Your answer must be the exact lines below, starting with the line with "Lucky Brand Blue" and going on through the line with "Tricou Polo Momount", both included, with no pictures.

::: Records for this task

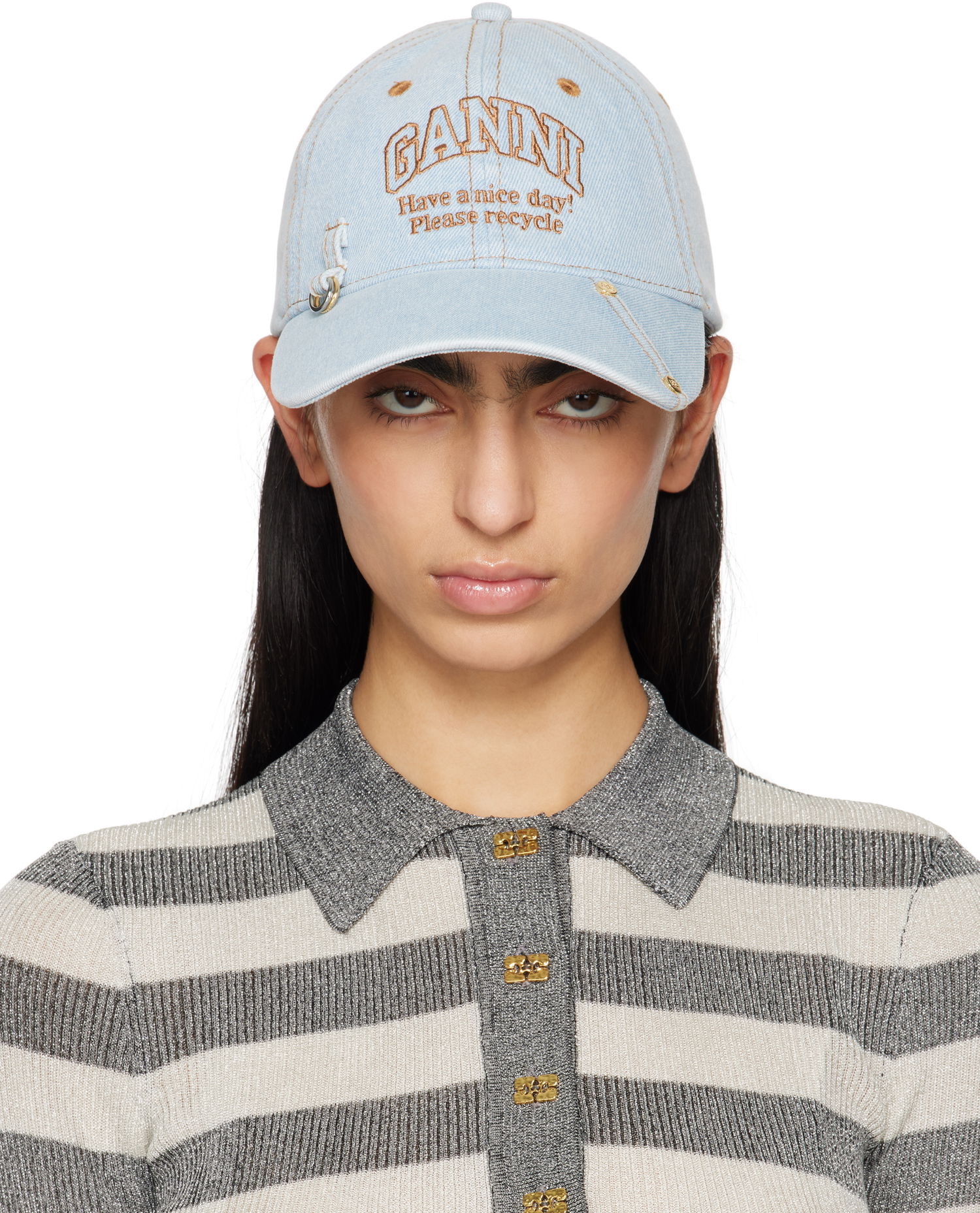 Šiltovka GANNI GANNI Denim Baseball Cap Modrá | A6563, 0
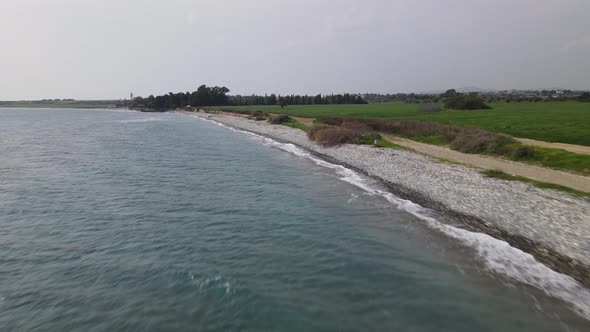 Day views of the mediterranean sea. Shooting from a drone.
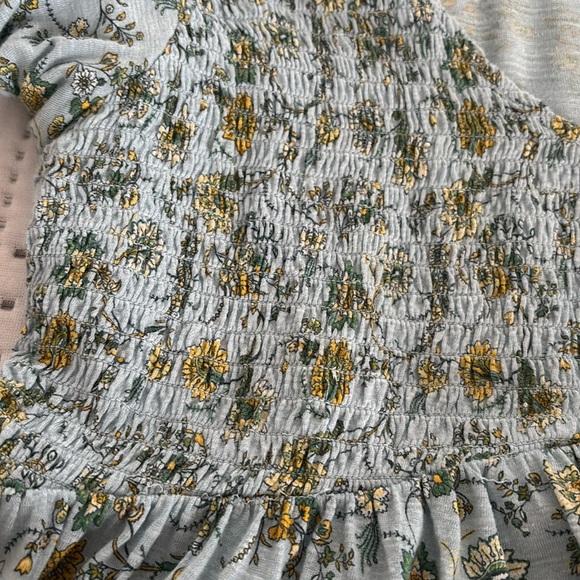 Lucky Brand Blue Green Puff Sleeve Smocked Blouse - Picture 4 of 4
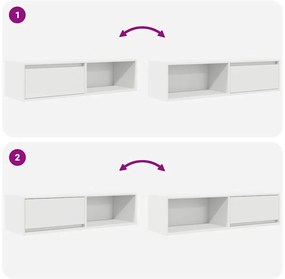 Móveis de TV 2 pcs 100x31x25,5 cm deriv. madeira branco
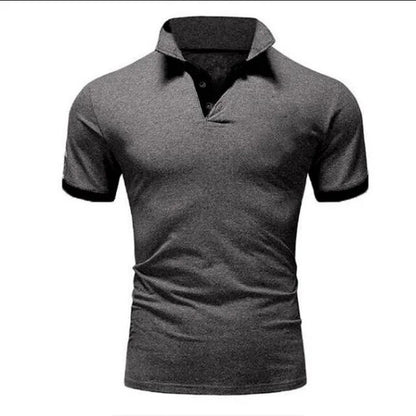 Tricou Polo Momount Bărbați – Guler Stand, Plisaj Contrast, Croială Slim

::::::
::: Records for this task

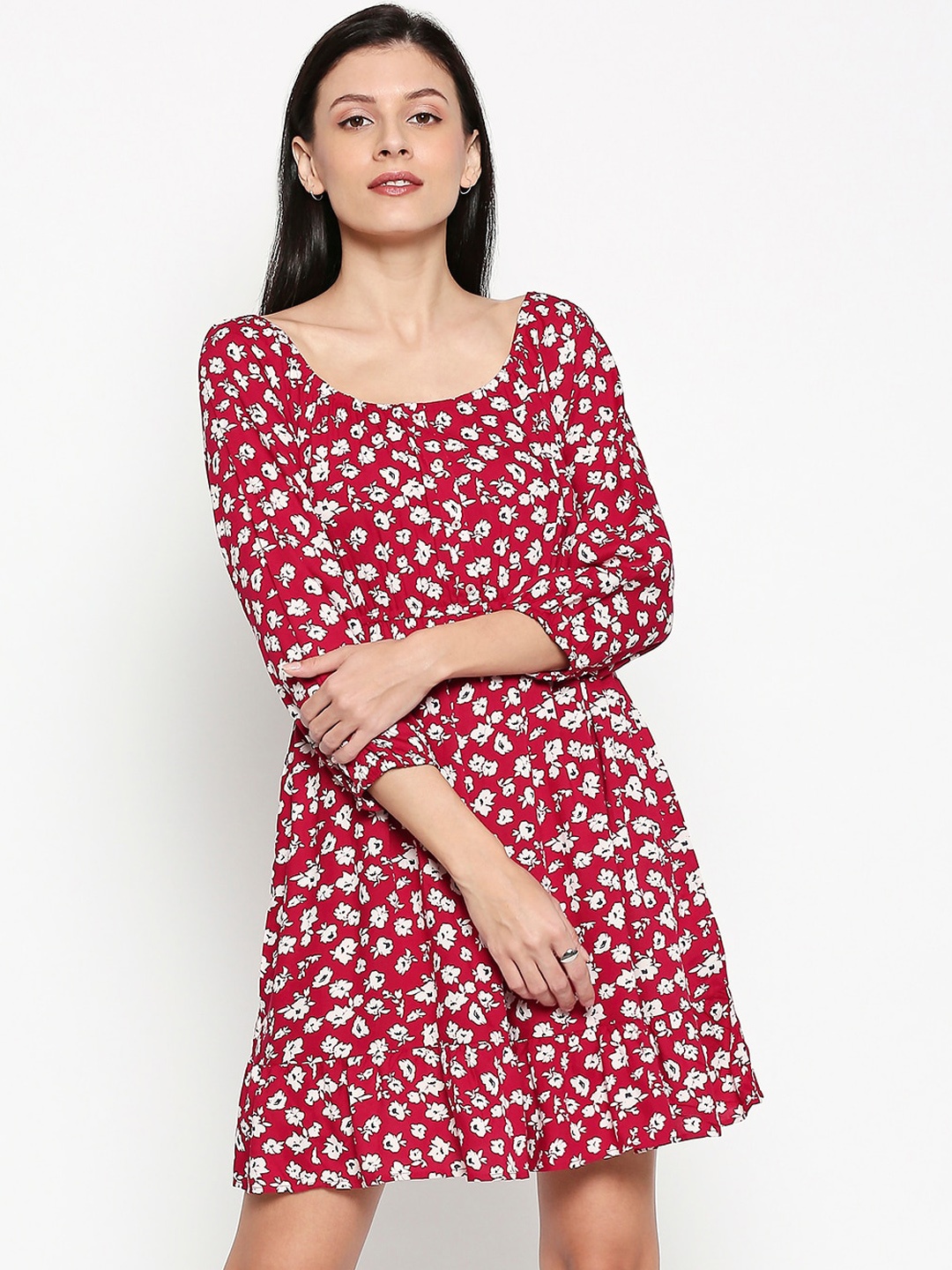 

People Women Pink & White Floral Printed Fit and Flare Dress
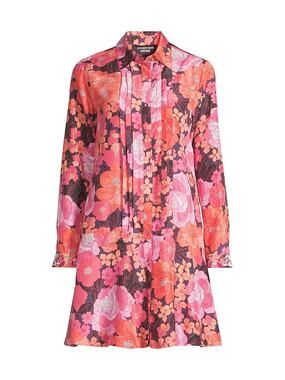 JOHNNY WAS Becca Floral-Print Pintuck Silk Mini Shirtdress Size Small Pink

::::::

__Answer area__.
 Lucky Brand Blue Green Puff Sleeve Smocked Blouse - Picture 4 of 4
 Móveis de TV 2 pcs 100x31x25,5 cm deriv. madeira branco
 Tricou Polo Momount Bărbați – Guler Stand, Plisaj Contrast, Croială Slim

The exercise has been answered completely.